Exactly as written, please set down all of the entries again, with no pictures.

• _Exercise data_:

------------------------

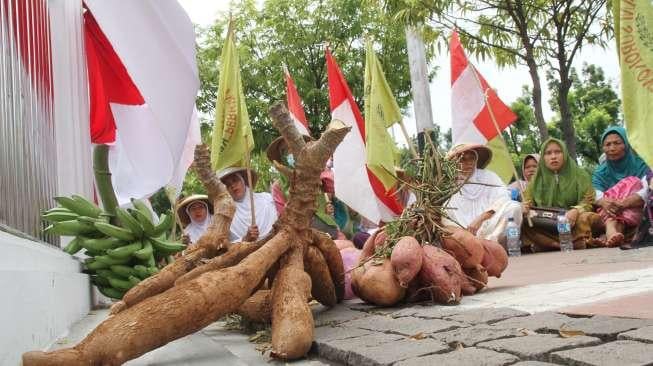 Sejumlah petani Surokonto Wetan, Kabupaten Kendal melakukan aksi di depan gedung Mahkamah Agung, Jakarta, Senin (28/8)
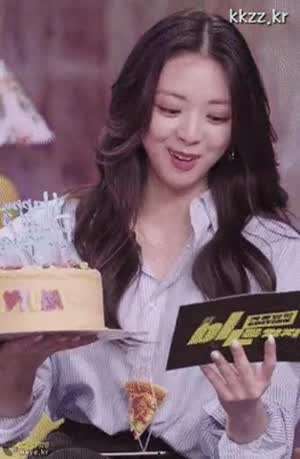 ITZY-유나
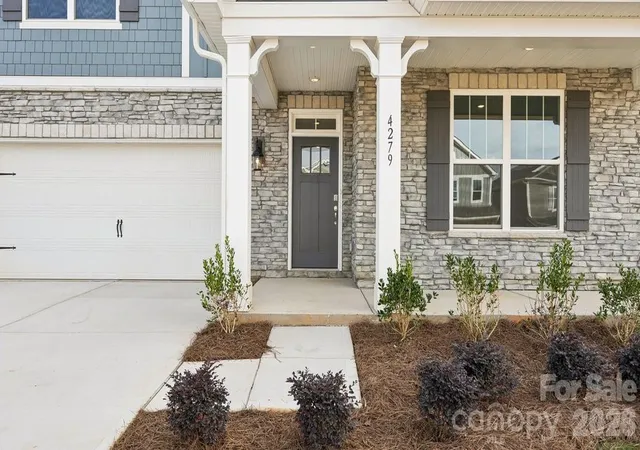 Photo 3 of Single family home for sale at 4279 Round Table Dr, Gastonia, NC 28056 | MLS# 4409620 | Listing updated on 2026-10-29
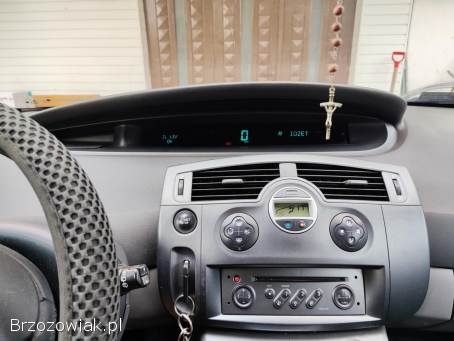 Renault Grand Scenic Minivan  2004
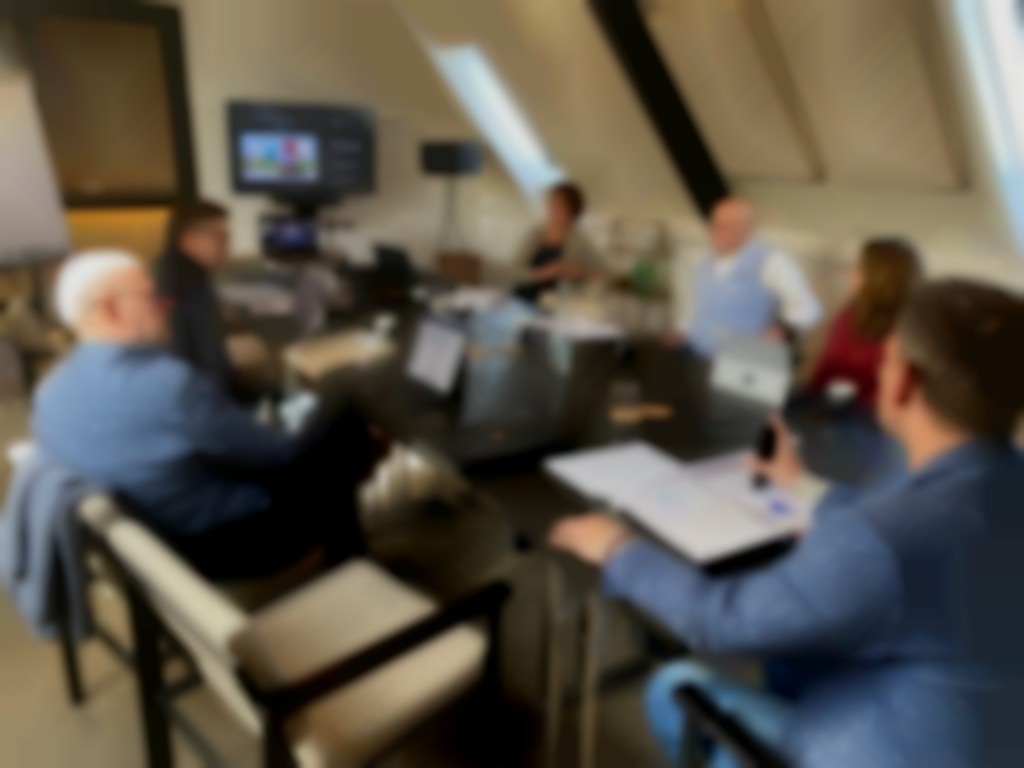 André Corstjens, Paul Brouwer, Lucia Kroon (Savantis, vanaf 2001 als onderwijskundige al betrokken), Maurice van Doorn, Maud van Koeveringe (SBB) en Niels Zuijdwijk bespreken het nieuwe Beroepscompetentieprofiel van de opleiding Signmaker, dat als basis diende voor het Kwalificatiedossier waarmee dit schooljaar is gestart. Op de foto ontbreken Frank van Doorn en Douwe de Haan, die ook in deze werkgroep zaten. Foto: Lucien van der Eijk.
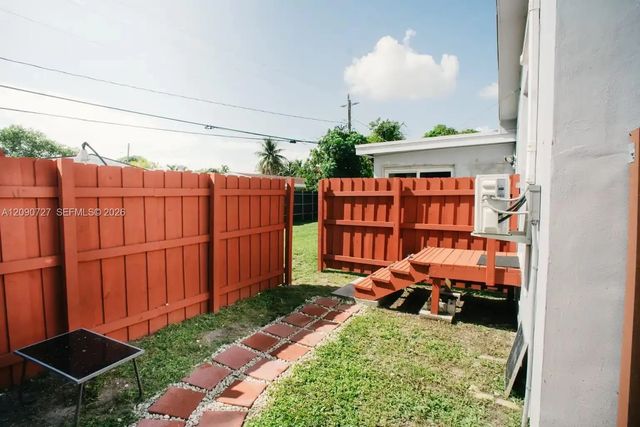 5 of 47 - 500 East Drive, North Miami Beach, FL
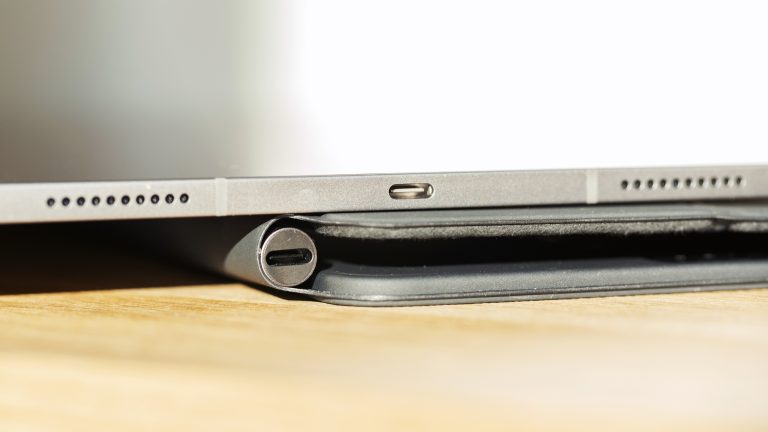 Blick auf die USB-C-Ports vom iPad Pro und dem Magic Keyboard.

------------------------

• _The answer_:
 Sejumlah petani Surokonto Wetan, Kabupaten Kendal melakukan aksi di depan gedung Mahkamah Agung, Jakarta, Senin (28/8)
 ITZY-유나
 Photo 3 of Single family home for sale at 4279 Round Table Dr, Gastonia, NC 28056 | MLS# 4409620 | Listing updated on 2026-10-29
 Renault Grand Scenic Minivan  2004
 André Corstjens, Paul Brouwer, Lucia Kroon (Savantis, vanaf 2001 als onderwijskundige al betrokken), Maurice van Doorn, Maud van Koeveringe (SBB) en Niels Zuijdwijk bespreken het nieuwe Beroepscompetentieprofiel van de opleiding Signmaker, dat als basis diende voor het Kwalificatiedossier waarmee dit schooljaar is gestart. Op de foto ontbreken Frank van Doorn en Douwe de Haan, die ook in deze werkgroep zaten. Foto: Lucien van der Eijk.
 5 of 47 - 500 East Drive, North Miami Beach, FL
 Blick auf die USB-C-Ports vom iPad Pro und dem Magic Keyboard.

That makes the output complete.